The high-level approach we have taken for online parallel profiling is shown in Figure 2. The TAU performance system maintains profiling statistics on a context basis for each thread in a context . Normally, TAU collects performance profiles at the end of the program run into profile files, one for each thread of execution. For online profiling, TAU provides a ``profile dump'' routine that, when called by the application, will update the profile statistics for each thread, to bring them to internally consistent states, and then output the profile data to files.
The performance data access model we have implemented and used in TAU is a Push model. The application scenario we want to target is one where there are major phases and/or interations in the computation where one would like to capture the current profile at those time steps. Thus, at these points, the application calls the TAU profile dump routine to output the performance state. Each call of the dump routine will generate a new set of profile files or append to files containing earlier profile dumps. The updating of the profile dump files is used to ``signal'' the external profile analysis tools.

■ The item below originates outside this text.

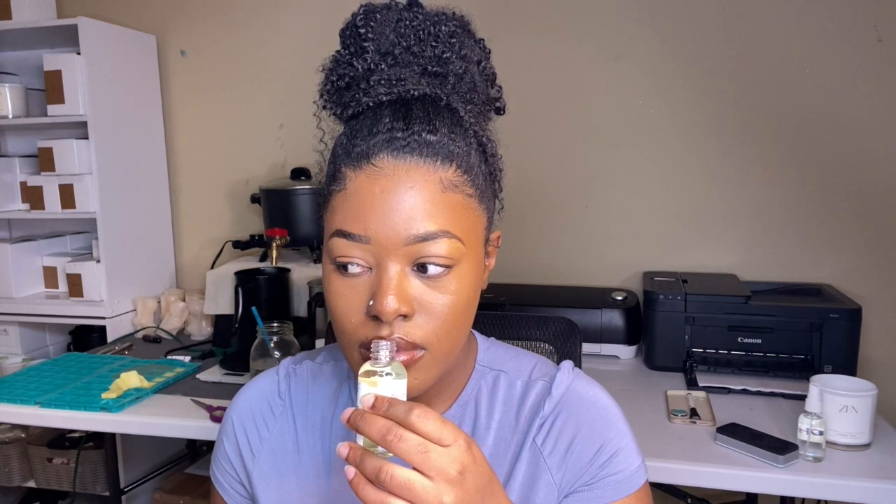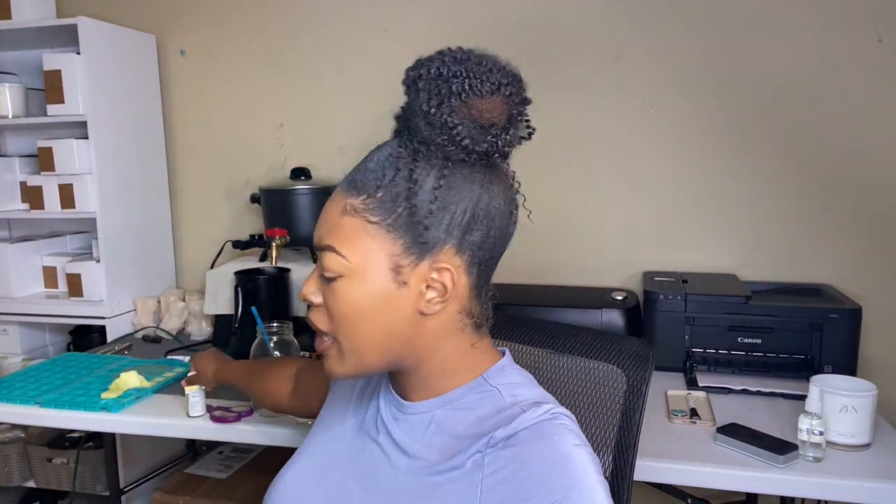Next up we have Blooming Bouquet Ultra. That kind of smells like leaves to me — obviously with 'bouquet' it's going to smell like flowers, so it's kind of giving me the mindset of some flowers or leaves, maybe tree sap. It's not my favorite, but it does not stink. I'm gonna put it to the side — the other ones have been a hit.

One of the advantages of this approach is that it can be made portable and robust. The only requirement is support for a shared file system, using NFS or some other protocol. It is possible to implement a push model in the TAU performance system using a signal handler approach, but it introduces other system dependencies that are less robust.

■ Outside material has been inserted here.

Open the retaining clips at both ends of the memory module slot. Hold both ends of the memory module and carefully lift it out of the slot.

A valid argument against this approach is that it has problems when the application scales, as the number of files increase and the file system becomes the bottleneck. There are four mechanisms we are investigating to address this problem. First, thread profiles for a context can be merged into a single context profile file. This directly reduces the number of files when there are multiple threads per context. Second, the profile dump routine allows event selection, thereby reducing the amount of profile data saved. The third mechanism is to utilize a data reduction network facility, such as Wisconsin' MRNet , to gather and merge thread/context profiles using the parallel communication hardware, before producing output files. This can both address problems with scaling file systems and problems with large number of files, by merging profile data streams in parallel until generating profile output files. Finally, the fourth mechanism is to leverage the more powerful I/O hardware and software infrastructure in the parallel system that one would expect to be present in the system as it is scaled (e.g., parallel file system, multiple I/O processors, clustered file system software, etc.).